November 12, 2012

Spaghetti Squash with Herb Pork Meatballs (Recipe)

I really love spaghetti squash.  Ever since I was introduced to it, it is my preferred way to eat spaghetti.  Forget extra nutrition (although it's there in abundance.)  I just think it tastes better.  The squash is rich and buttery, and goes well against red sauce.  The chorizo spaghetti recipe I presented a couple weeks ago is a prime example, with the chorizo and chicken broth both complementing the squash perfectly, but when I wrote the post I ended up using regular noodles to appease Boy, who does not at all feel the way I do about this amazing vegetable.  
Although I spared his feelings that time, it made me really hungry for the real thing.  I went out and got the squash, but felt I could do something besides the usual sauce and satisfy my craving while still developing something new.  There was a left over pork loin in the fridge, and I decided to try my hand at homemade meatballs.  Luckily, they were a hit.  This is what I did:

Who needs noodles?
First things first, you'll want to get your squash into a 375 degree oven.  Slice it in half down the middle, scoop out all the seeds and stringy bits, and give it a nice all over with some olive oil.  Then season the inside of the squash with salt and pepper and place the halves face down in a baking dish.  These will cook for 45-50 minutes, which should be plenty of time to get the rest of the meal made.

What is spaghetti sauce without mushrooms?
Just like the steak sandwiches from last week, you will want to slowly cook your mushrooms in butter.  (1 tablespoon for the first batch, adding more as needed.)  The biggest difference?  Instead of removing the first batch as it completes, slide it to a corner of the pan and just keep adding batches.  As long as you stay on medium heat, the mushrooms won't burn or dry out, and you want to keep all this flavor in the pan since you will be adding the other components of the sauce onto it.  
 The mushrooms will take a good amount of time to brown on each side, and so it's a good time to get started on the meatballs.  I chopped 1/2 a cup of onion, eight cloves of garlic, and a jalapeno (with seeds.)  All of this is going to be going into a food processor, and so you don't have to worry about the size that much.  (If you don't have a food processor you can replace the pork loin with ground pork and simply mince all the other ingredients.)  In a small pan, cook the onion, garlic, and peppers just until soft.    Add them to a food processor along with one and a half pounds of pork loin, chopped into bite sized pieces.  Add two tablespoons of brown sugar, one tablespoon of olive oil, a tablespoon of soy sauce, and two teaspoons of black pepper.Pulse until the meat begins to turn into a paste.  Scrape the sides of the processor, and add the remaining ingredients:

2 tablespoons fresh sage, chopped.
1 tablespoon fresh rosemary, removed from the stem.
1 large egg
1 slice white bread soaked in milk (just enough to fully saturate the bread, drain any excess.)

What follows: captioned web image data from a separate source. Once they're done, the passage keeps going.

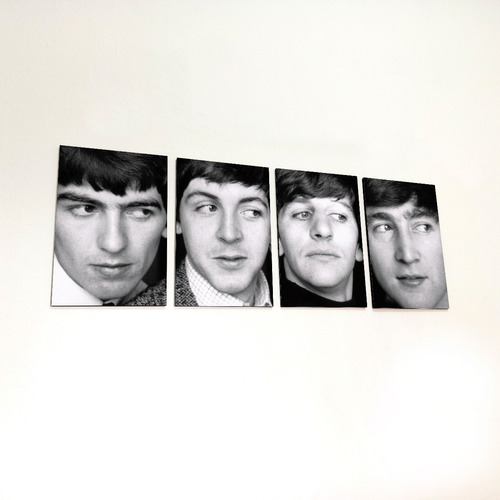 Cuadro Triptico Moderno Poliptico Los Beatles Foto Caras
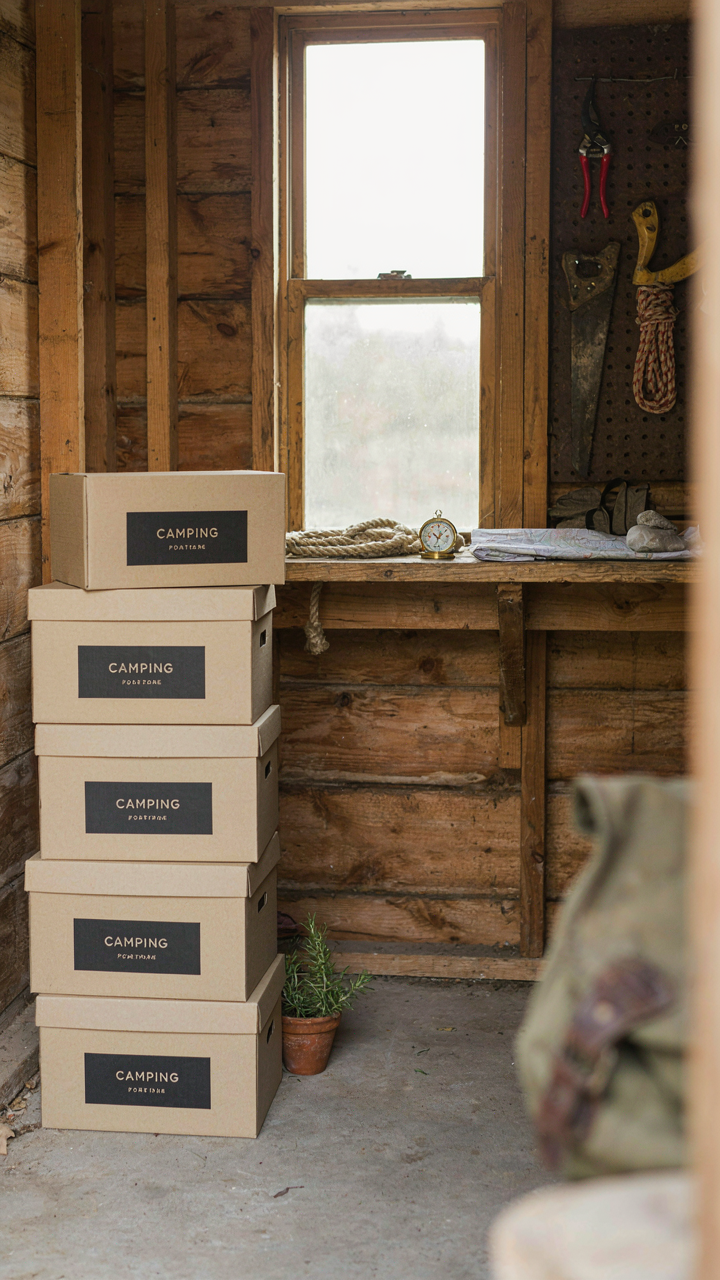 A neat stack of labeled camping boxes, each designed for a single type of gear.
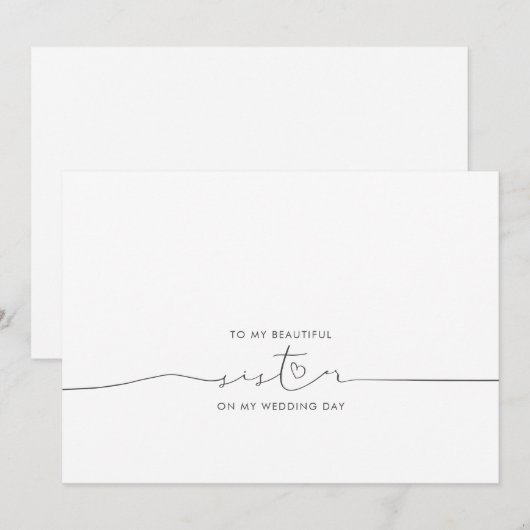 Op mijn zuster Wedding Morning Cute Message (Voorkant / Achterkant)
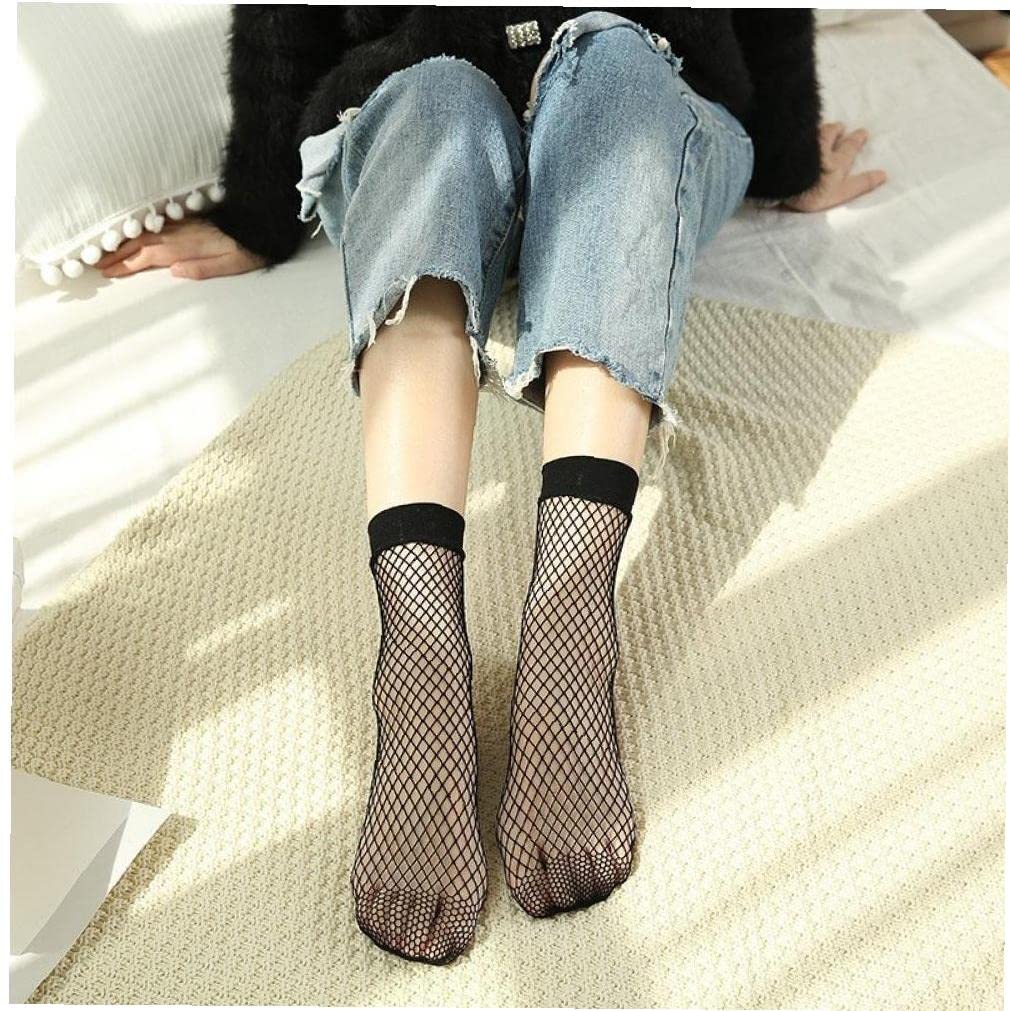 3 Pairs Women's Black Fishnet Socks - Elastic Ankle Short Socks with Hollow Out Mesh Design - Breathable Summer Tights for Casual Outfits, Parties, and Fashion Looks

Incorporate the final ingredients into the meat mixture.  They are now ready to form into 1/4 inch balls.  Using bread soaked in milk instead of bread crumbs will still help--along with the egg--to bind the meatballs, but the real advantage here is that it will also help keep the meatballs moist.  These are really the most tender meatballs I've ever had.   Pan fry them with just enough olive oil to keep them from sticking (1-2 teaspoons) in a skillet over medium-high heat.  They will cook more in the sauce, so don't worry if they are a little pink in the middle at the end, just get a nice even crust all over the outside.  
The fresh herbs give these a ton of flavor.
By the time you're putting your meatballs on, all the mushrooms should be cooked down.  Add 4 diced roma tomatoes, 1 diced red bell pepper, and 2 cloves of minced garlic, and just let it cook down until the peppers are soft and the skins begin to come loose from the tomato pieces.  (I removed those that I saw with a pair of tongs, but it won't affect the outcome that much if you miss any.)
I like adding things like bell pepper or carrot to spaghetti sauces for additional pizzazz. 
Once the peppers have softened, add the meatballs to the sauce. (And, assuming you cooked your meatballs in batches, any of the liquid that released from the earlier batches.)  Stir in one can of tomato sauce and simmer for five minutes.

 Meanwhile, your squash should be done.  Remove it from the oven and, using a fork, scrape everything into a large bowl.  Continue to use the fork to shred the squash, breaking it into "noodles."

Perfectly cooked.
Once you've gotten the squash broken down, serve it just like regular spaghetti, topped with freshly shredded parmesan cheese.  Instead of basil, complement the herbal notes of the meatballs by placing a bit of fresh sage on top of this filling fall alternative to regular spaghetti.